TL;DR: a dictionary would break if keys that compared equal did not map to the same value.

Frankly, the opposite is dangerous! 1 == 1.0, so it’s not improbable to imagine that if you had them point to different keys and tried to access them based on an evaluated number then you’d likely run into trouble with it because the ambiguity is hard to figure out.

Dynamic typing means that the value is more important than what the technical type of something is, since the type is malleable (which is a very useful feature) and so distinguishing both ints and floats of the same value as distinct is unnecessary semantics that will only lead to confusion.
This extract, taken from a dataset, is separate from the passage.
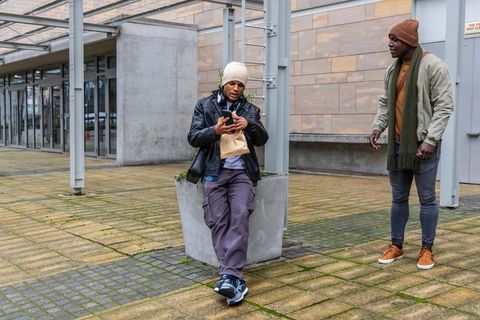 Two diverse men leaning on planter in urban plaza scrolling smartphone and chatting
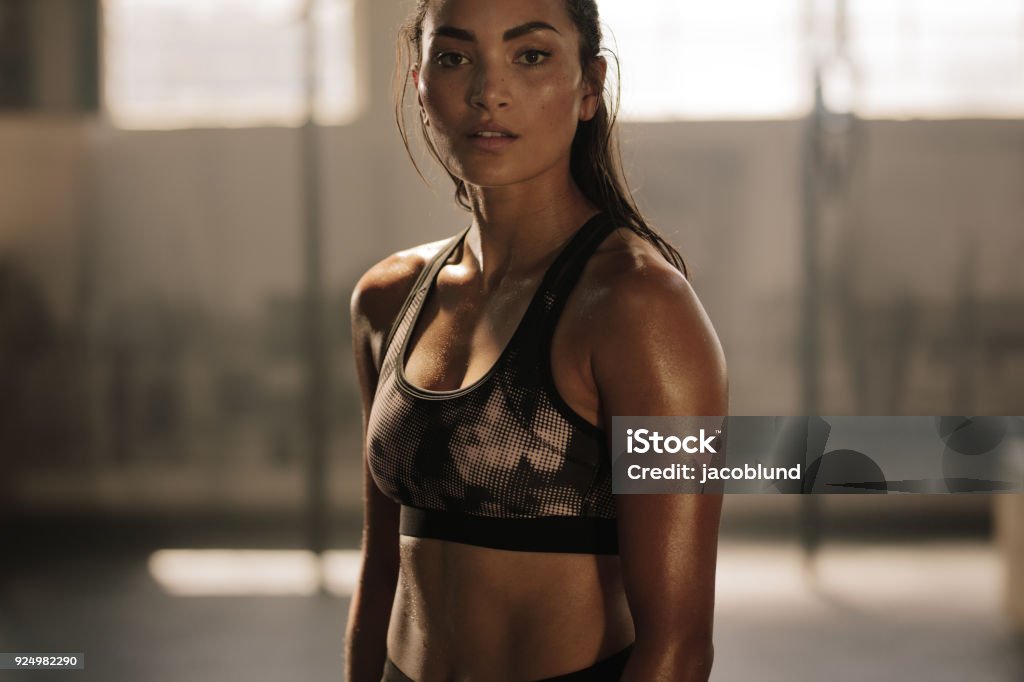 Sportswoman after intense crossing training session Strong and determined female in sportswear standing in the gym and looking at camera. Sportswoman after intense crossing training workout session in gym. Women Stock Photo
I agree with others that it makes sense to treat 1 and 1.0 as the same in this context. Even if Python did treat them differently, it would probably be a bad idea to try to use 1 and 1.0 as distinct keys for a dictionary. On the other hand — I have trouble thinking of a natural use-case for using 1.0 as an alias for 1 in the context of keys. The problem is that either the key is literal or it is computed. If it is a literal key then why not just use 1 rather than 1.0? If it is a computed key — round off error could muck things up:

>>> d = {}
>>> d[1] = 5
>>> d[1.0]
>>> x = sum(0.01 for i in range(100)) #conceptually this is 1.0
>>> d[x]
Traceback (most recent call last):
  File "<pyshell#12>", line 1, in <module>
KeyError: 1.0000000000000007

So I would say that, generally speaking, the answer to your question “is this ever a useful language feature?” is “No, probably not.”